Des élèves multiredoublants, relégués, devenus superdiplomés

Bertrand Bergier, Ginette Francequin

 

Editions Erès. ISBN: 2-7492-0535-2 (2006) 23 €

Dernière de couverture

 Ils ont redoublé deux à cinq fois entre la maternelle et le bac, ils ont été orientés vers des cycles courts : sixième de transition, CPPN, CAP, BEP, ils ont parfois été rétrogradés ou ont décroché. Leur entourage n'imaginait pas qu'ils puissent « aller loin », voire les déclarait « incapables », « nuls », « inaptes aux études ». Et pourtant ces élèves ont tous validé au minimum un second cycle de l'enseignement supérieur : ici une maîtrise en sciences de la vie et de la terre, en lettres et arts, là un troisième cycle en sciences humaines et sociales ou en droit, ou encore ils sont devenus ingénieurs, médecins, avocats...

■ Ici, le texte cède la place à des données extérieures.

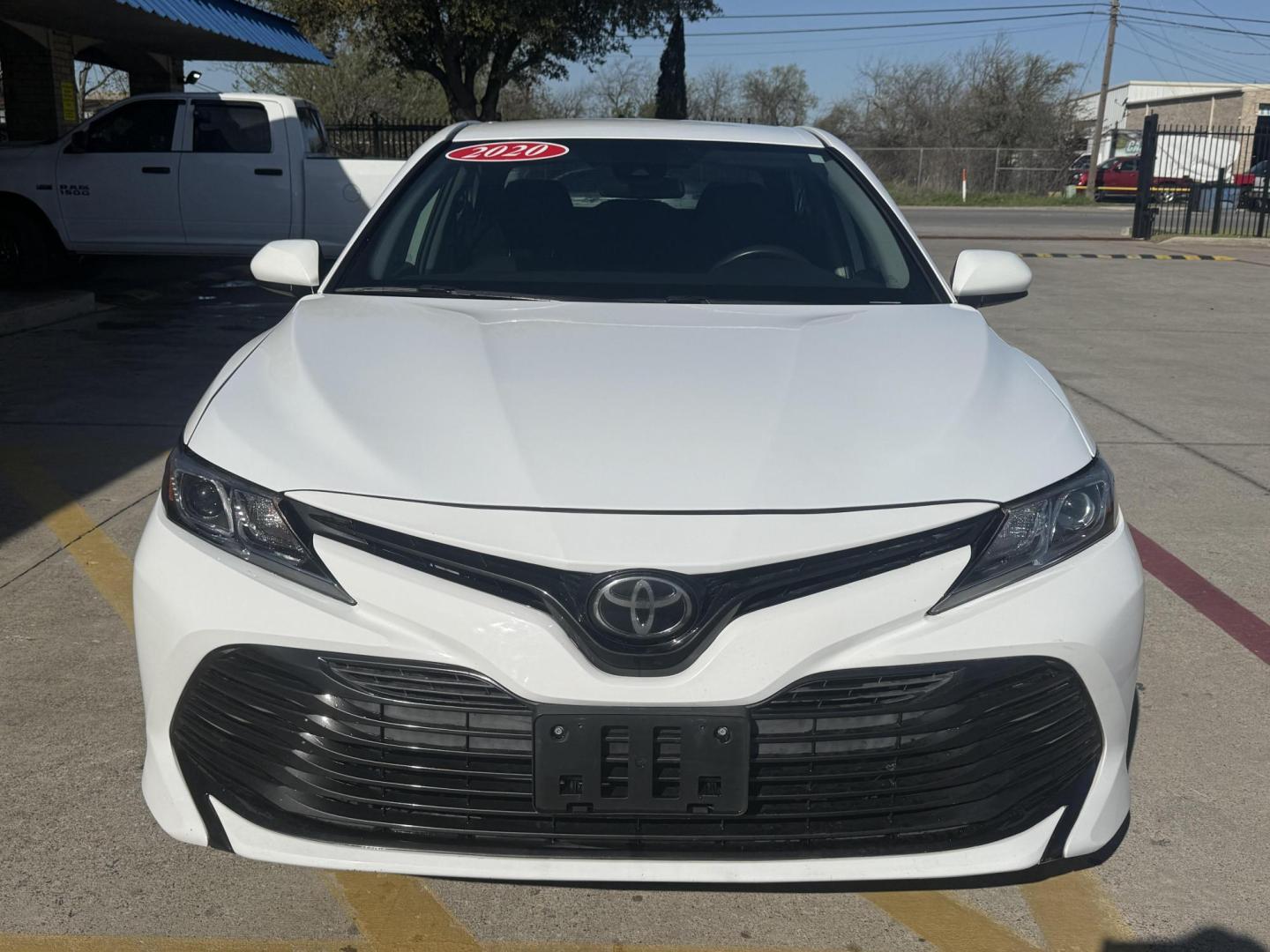 2020 Super White /Ash, cloth Black, cloth Macadamia, cloth Toyota Camry 72328 (4T1C11AK9LU) with an 2.5L L4 DOHC 16V engine, 8-Speed Automatic transmission, located at 2401 E Main St., Grand Prairie, TX, 75050, (972) 262-4440, 32.748981, -96.969643 - Photo#2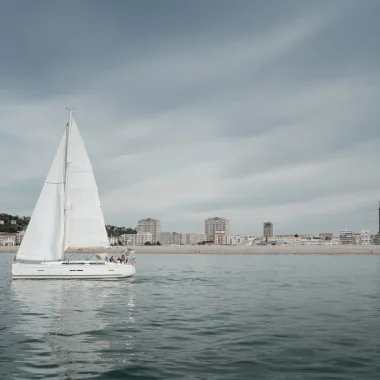 Paseo en velero por la bahía de Le Havre y noche a bordo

Pourquoi et comment ces élèves, qu'ils soient issus de milieux populaires ou d'origine bourgeoise, malmenés au cours de leur traversée scolaire, parviennent-ils à accéder aux sommets de l'enseignement supérieur ? Quelles ont été les conditions et les dynamiques de ces parcours scolaires atypiques ? Même si ces itinéraires ne concernent qu'une minorité, l'analyse conduite par Bertrand Bergier et Ginette Francequin est porteuse d'espoir pour tous les jeunes en délicatesse aujourd'hui avec l'école. Parents, éducateurs, enseignants, professionnels de l'orientation scolaire trouveront là matière à réfléchir sur les outils à leur disposition, les passerelles existantes ou à créer, les relations qu'ils établissent avec les jeunes, la manière dont ils peuvent valoriser les compétences et éviter les jugements définitifs.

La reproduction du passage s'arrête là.